Interesting book about how society was caught up in a modern day witch hunt in the 1990s. When repressed memories first began to be publicised, more and more folks came forward ... a LOT more ... until even the professional 'experts' began to take a closer look at just how this was happening.
Synopsis from the back cover. "They said I was a bad girl... They must cleanse me and purify me. Grandpa stood over me holding a large knife... I heard him say something about 'the lamb that was slain'..."
In the past decade a bizarre phenomenon has swept Australia: hundreds of people have remembered unspeakable, long-forgotten sexual crimes committed against them by their parents and other family members.
Are repressed memories reliable? What is ritual abuse? Does it exist in our society in the form of satanic rites, mind-control programs and widespread brainwashing?

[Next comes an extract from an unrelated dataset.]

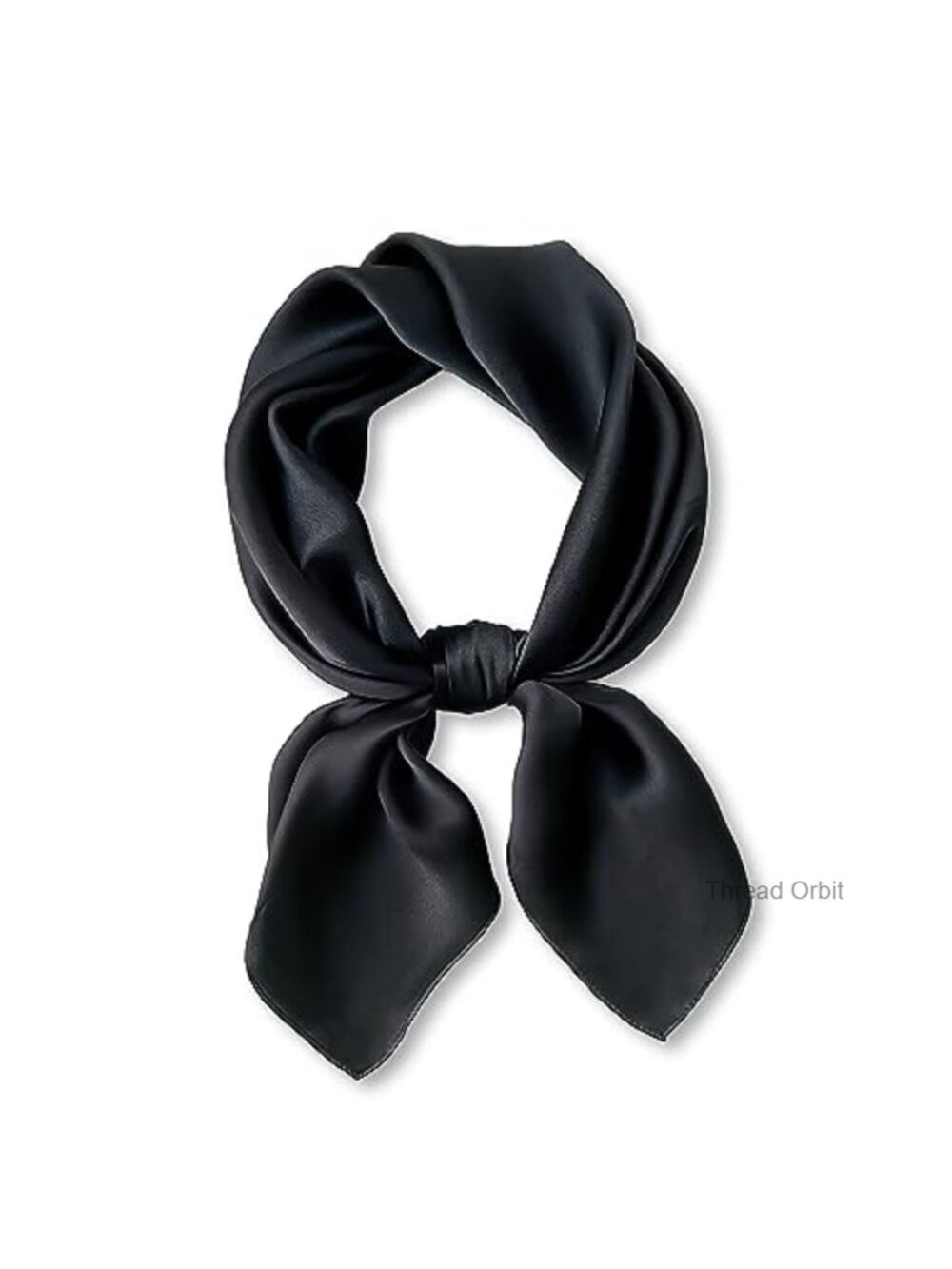 100% Mulberry Silk Scarf 27in Square Neck Head Hair Wrap with Gift Box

In this absorbing, controversial and disturbing book, Richard Guilliatt examines court records and documents to trace the wildfire spread of repressed memory therapy and ritual abuse accusations in Australia. He looks in detail at how therapists, social workers, police, lawyers and juries have responded to these explosive claims.
Talk of the Devil is a brilliant account of public hysteria and zealotry, of an escalating witch-hunt that has destroyed families and raised deeply troubling questions about our child protection system.
This is one of the most disturbing books I have read. It documents a phenomenon that swept Australia in the 1990s, whereby hundreds of people began remembering unspeakable and long-forgotten sexual crimes committed against them by their parents and other family members.
It is a sensitive and emotionally charged subject to write about, as author Richard Guilliatt well knew, having reporting on recovered memory therapy extensively for The Sydney Morning Herald in the lead-up to writing this. Of he and his colleagues' interest in the subject, he acknowledges that "the media [...] had found a story which irresistibly combined lurid sensationalism with moral outrage."
Importantly, though, on the second page, he writes: "This book does not seek to minimise the devastating damage and suffering that can be caused by incest. Sexual abuse of children is widespread, its victims frequently suffer in silence, and the people who devote themselves to eradicating it are pursuing one of society's most laudable and difficult goals."
Central to the narrative is the 1994 criminal trial of a Western Australian man, whose two adult daughters underwent recovered memory therapy and then accused their father of monstrous sexual assaults dating back to their early childhood. "Clive Moore's daughters had searched within themselves and reconstructed their memories of their father and their past," Guilliatt writes near the beginning. "In the process they had set in motion a chain of events which would lead to a criminal trial that became celebrated as the first 'repressed memory' prosecution in Australia."
While reporting on that trial and documenting how the phenomenon first spread across Western psychotherapy, before becoming popular among Australian therapists – despite the fact that recovered memory therapy had already begun being discredited elsewhere – Guilliatt remains an objective and impassive observer. It's not until right near the end of the book that he breaks with this approach by writing from his own perspective.
"I scan the room, taking in the other seventy-odd therapists around me," he writes on page 256. "They are a casually dressed bunch, mostly women but a handful of men, their faces fixed in similar expressions of furrowed concern as they stare at the painting of the young girl hooked up to the mysterious mind-control apparatus." He eventually comes to realise that the group who believes in this (since widely discredited) form of therapy are themselves not unlike a cult.
I found this book disturbing because it shows how therapists and other so-called experts were allowed to feed off a media-led hysteria that had little basis in reality. As the central criminal trial shows, the accusations of the two adult daughters caused a deep and seemingly irreparable rift in that family, and caused nothing but pain for all involved. "If nothing else, the events of the past decade should sound a warning about such misguided zealotry," Guilliatt concludes. "Hysteria has only ever harmed the cause of protecting children. Every false allegation of child abuse absorbs the resources of a system which is already struggling to protect children in genuine danger."